I stayed part-time, anywhere from 24 to 32 hours per week for 18 years. It never seemed to limit my career opportunities. In fact, during that period, I was promoted several times and even made deputy of a project office, although I later returned to engineering. I have four children, the last two twins. I was there when all of them got on and off the bus. They all attended preschool at the Stennis Child Development Center, again, using the resources available at SSC. They are all extremely proud of their mom, the rocket test engineer. One is in graduate school at UCSD getting his PhD in Physics. The next is at MIT getting her bachelor’s in robotics, and the twins are still in high school, planning to major in Computer Science and Mechanical Engineering. I have learned that, if you are determined, and have professionals willing to help you, you can live your life the way you want to.

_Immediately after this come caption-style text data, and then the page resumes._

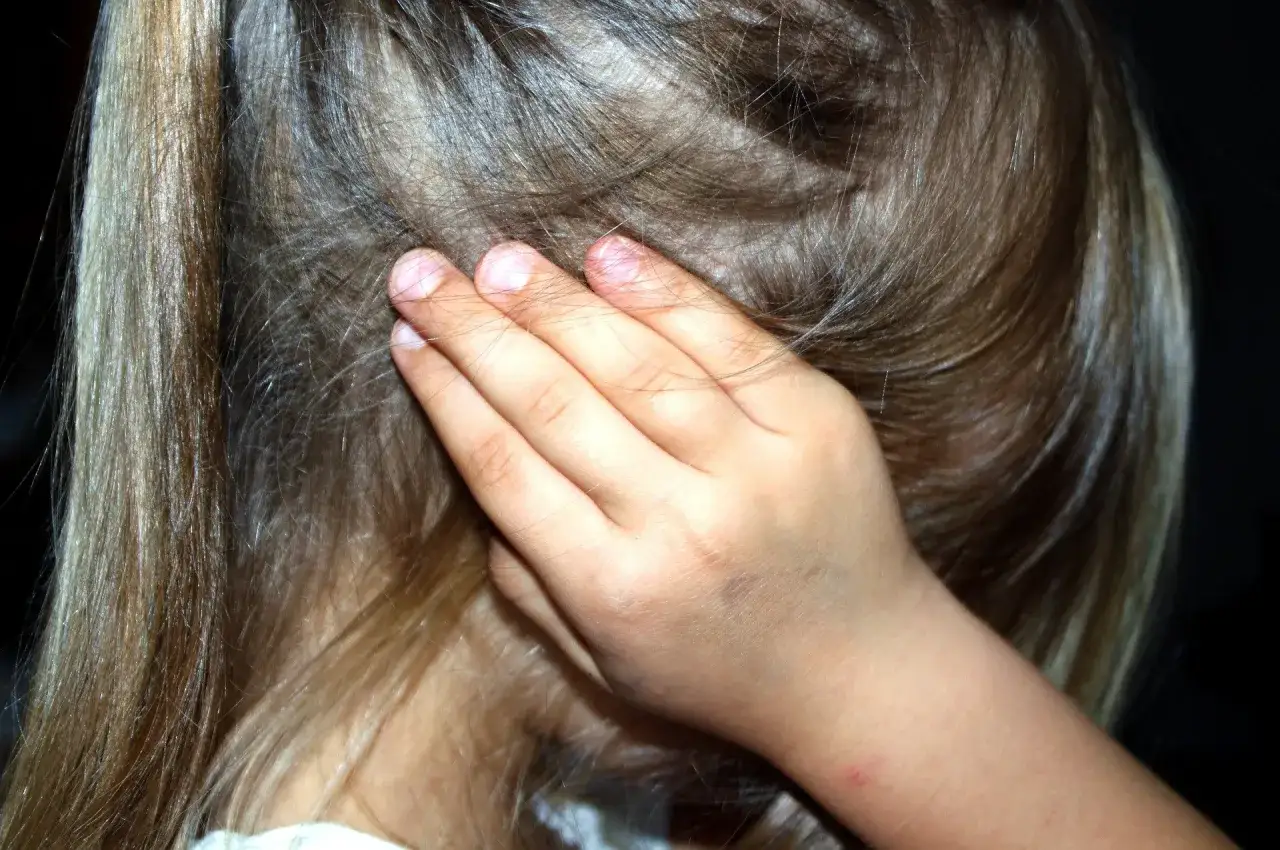 Mano di bambino copre l'orecchio, un gesto che evoca l'angoscia, il suo significato psicologico profondo.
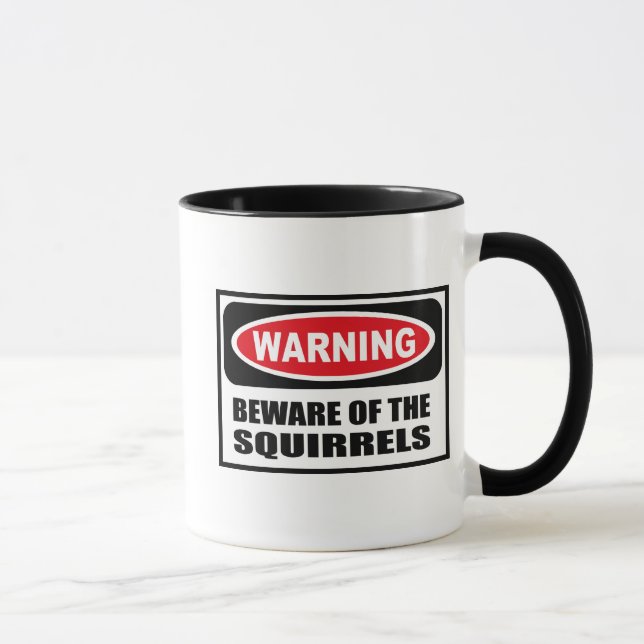 L'avertissement PRENNENT GARDE de la tasse (Droite)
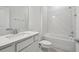 Modern bathroom featuring a tub, shower, and vanity with stone countertops and white cabinets at 3980 Big Sky Dr, Spring Hill, FL 34604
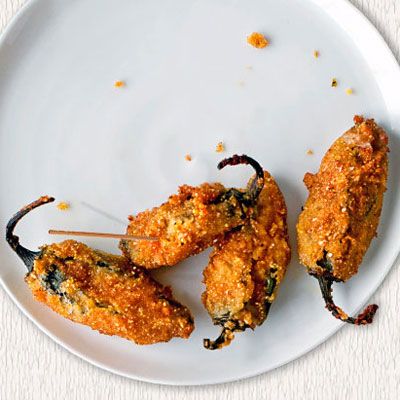 <p>Spicy jalapenos are stuffed with cheese, then rolled in cornmeal and deep-fried to make these addictive snacks.</p><br /> <p><b>Recipe:</b> <a href="/recipefinder/jalapeno-poppers-recipe-opr0211" target="_blank"><b>Jalapeño Poppers</b></a></p>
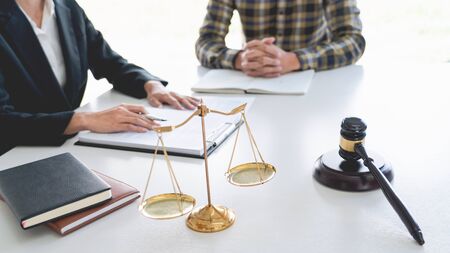 business people and lawyers discussing contract papers sitting at the table. Concepts of law  advice  legal services.の写真素材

In the last several years, I have done a lot of mentoring. For the past 3 years, I have had college students working for me. For the past 6 years I have mentored a FIRST Robotics team (another way to spend time with my children) and now I am mentoring a junior engineer. I was told he selected me due to my technical competence, not my ability to get promoted. I was extremely pleased to see that others see me as competent, that has always been my career goal.
My career continues to be non-traditional. I recently requested an assignment that has me returning to programming, an activity I truly enjoy. We are writing new Data Acquisition software. I am not in charge of a group of programmers; I am a team member. For a civil servant with 29 years of experience, this is truly a step backwards. But, I have found that working on what really interests me, is what keeps my work fresh and exciting. Fortunately, NASA is an employer that understands its diverse workforce and what it takes to keep them productive and engaged.
For Wendy Holladay, the trick has been to balance her large family of 6 with her fast moving career at NASA. To accomplish both, she spent 20 of her 29 years at NASA Stennis Space Center as a part-time employee. And, for Ms. Holladay, it has made all of the difference. She currently serves as the Data Acquisition Engineer at NASA Stennis. During her 29 years at NASA, she has had many assignments from E3 Test Stand Electrical Lead to Deputy of the Space Shuttle Main Engine Project Office to Software Developer for the NASA Data Acquisition System (NDAS). She leads a diverse team and works closely with her mechanical engineering colleagues to provide delivery of high quality test data to a wide variety of customers while meeting costs and schedules. As an NDAS Software Developer, she works with a team of programmers to provide NASA with a Data Acquisition Software package, designed to function at many test stands across NASA on a wide variety of hardware platforms. This system will give NASA test stands a common interface, data format and data reduction capability needed to reduce costs to programs as NASA works to provide test services to both government and commercial customers. As both an extension of her combining family and work and with her great respect for the knowledge and innovation that young people bring to the workplace, she has been a FIRST Robotics mentor for 7 years , a USRP mentor for 3 years, a SHARP mentor, and a mentor to a junior engineer through NASA Stennis’mentoring program. Ms. Holladay has been awarded the NASA Exceptional Achievement Medal for her technical work in propulsion testing and software development.